The bad news is that I spent a ton of money, BUT I knew that would happen since I lacked even the most basic things I needed to cook real food. Now that I have that stuff, I shouldn’t have to replace most of it for awhile. I also made a shopping list, which is rare for me, to make sure I bought real food instead of frozen dinners.
My Shopping Plan
- Spicy chicken tortellini from the fabulous TeacHer Finance (I made this last night!)

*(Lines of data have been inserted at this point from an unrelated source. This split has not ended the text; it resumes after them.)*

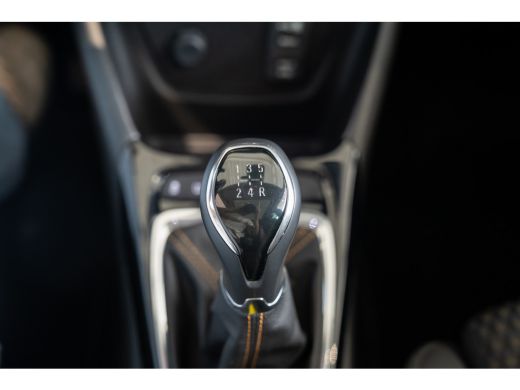 Opel Crossland X 1.2 Turbo Innovation | Panoramadak | Trekhaak | LED | Navi | Climate Controle | Camera | 17 Inch ... ActivLease financial lease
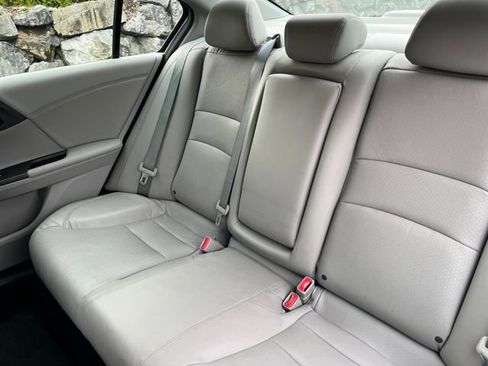 Certified 2017 Honda Accord EX-L image 21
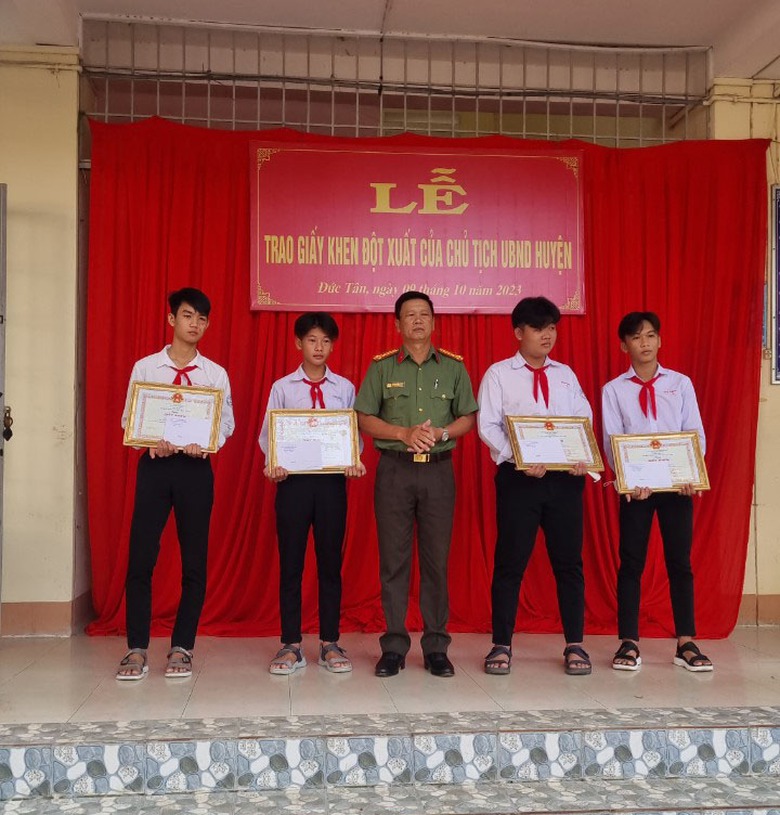 Khen thưởng bốn học sinh lớp 9 ở Long An ph&aacute;t hiện quả đạn ph&aacute;o 105 ly - Ảnh 1.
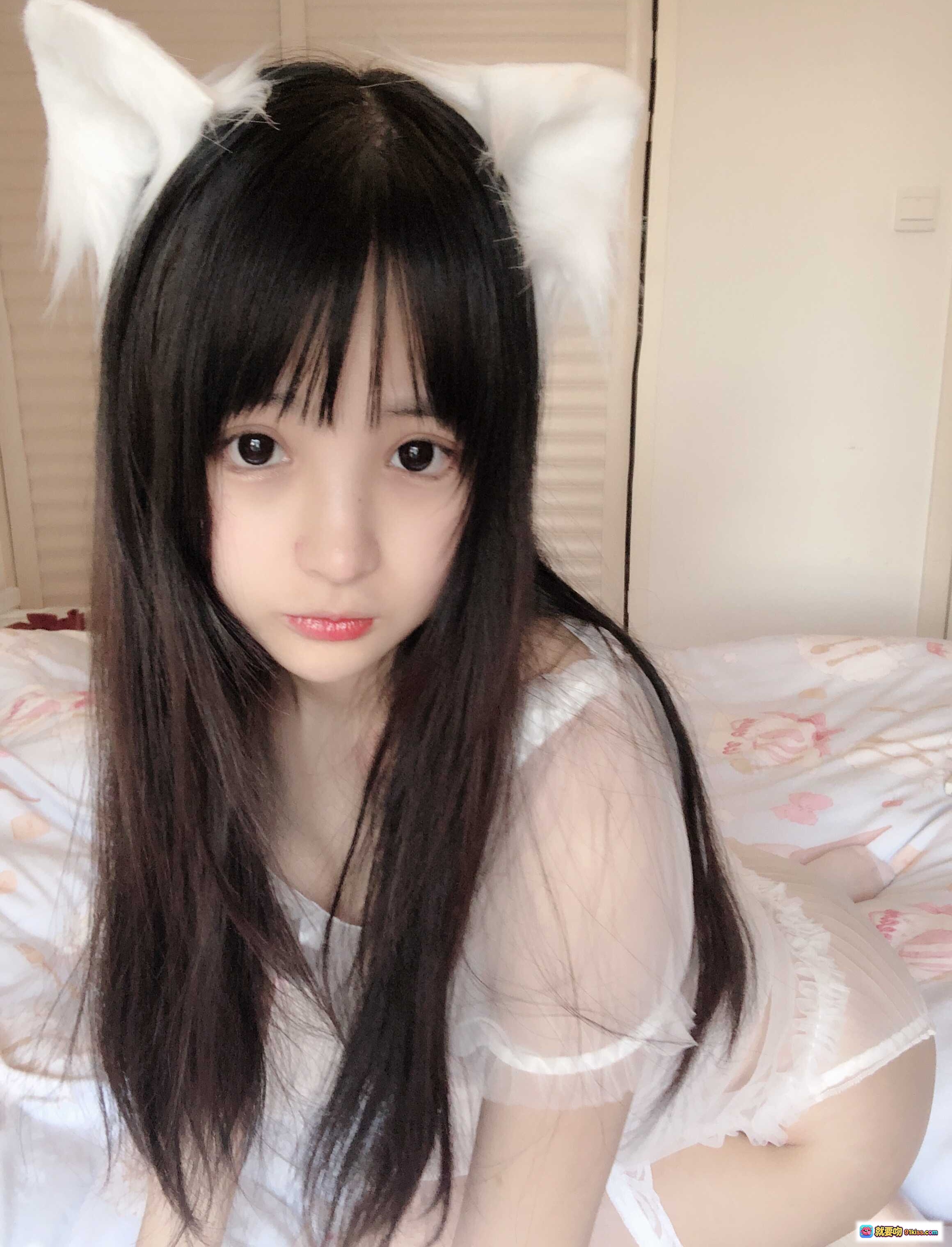 图片[2] - 桜井宁宁NO.023小白猫蕾丝内衣写真 透明薄纱白丝美腿猫耳少女床照31P - 就要吻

- Meatloaf, also from TeacHer Finance, with mashed potatoes
- Shake & Bake chicken with pasta salad, which is one of the few things I already make regularly
- Something else with ground beef, possibly tacos
- Some quick and easy breakfast foods
- Snack foods that are not potato chips
- Backup foods in case Jayden won’t eat what I make
What I Bought
This is the sucky part. My grand total at Walmart was $195. When I look at what I got, though, I’m not too sad about it. I’ll be prepared to make all kinds of new foods now!
Staples and supplies ($90): I’m embarrassed to admit that I had to buy a measuring cup, measuring spoons, mixing bowl, cutting board, paring knife, food storage containers, and a cookie sheet because I seriously did not own any of those things. I also had to buy salt and pepper (obviously I had those – just had to replenish), basil, oregano, crushed red pepper, parsley, bread crumbs, rice, rotini (got the wheat kind thanks to reader Jay), frozen corn/green beans/peas, olive oil, nonstick cooking spray, Worcestershire sauce, and barbecue sauce.
Actual things to cook ($55): I bought ground beef, chicken, potatoes, onions, bell peppers, celery, carrots, eggs, milk, canned vegetables, pasta sauce, tortellini, and cheese. Definitely could have saved here by buying in bulk, but I don’t want to do that until I’m sure I’m going to stick with this whole cooking thing.
Snacks that aren’t potato chips ($15): I consider this a huge win. I got apples, fruit juice, dry-roasted almonds, and garlic parmesan pretzel crisps (my new favorite thing). No chips, cookies, candy, or any of the other crap I would normally buy, yet all of those are things I really like to eat.
Breakfast foods ($10): I usually don’t eat breakfast, so I’m starting slow. I bought Carnation Instant Breakfast and a few premade frozen smoothie concoctions just to get in the habit of eating (or in this case, drinking) something in the morning.
Junk for Jayden ($25): I’m trying to expand Jayden’s food horizons, but I’m realistic if nothing else. I picked up peanut butter, jelly, bread, Lunchables pizzas, those disgusting Lipton cheddar broccoli noodles that he loves, Pringles, Doritos, Goldfish crackers, Pop-Tarts, and frozen waffles.
As I said, last night I made spicy chicken tortellini. It was delicious, though I got a little carried away with the “spicy” part. The recipe wasn’t hard at all, but it was a little more time-consuming than I’d like – it isn’t something I’d make on a random weeknight when I’m in a hurry. That said, I froze the leftovers in my new storage containers (the recipe made about 5 billion servings) and I’ll be enjoying the spicy deliciousness for quite awhile!
Minus all the basics, I spent $110 on food that might last 2 weeks if I’m good about eating leftovers. I’m a little disgusted with that part, though it’s going to take time to incorporate things like shopping sales, buying in bulk, and converting Jayden to real food. Still, I feel better knowing that I’ll be eating less processed food, and since I didn’t buy any prepackaged junk for myself, I’m forced to either cook real meals or eat some of the stuff cluttering up my pantry.
What I learned: (1) It’s easier to cook when I already have an idea of what I’m going to make. (2) Shopping from a list is a good thing. (3) I’m really dumb when it comes to following recipes. (4) A good paring knife is kind of expensive. (5) From now on, when I want to know how to do something, I’ll just ask you guys!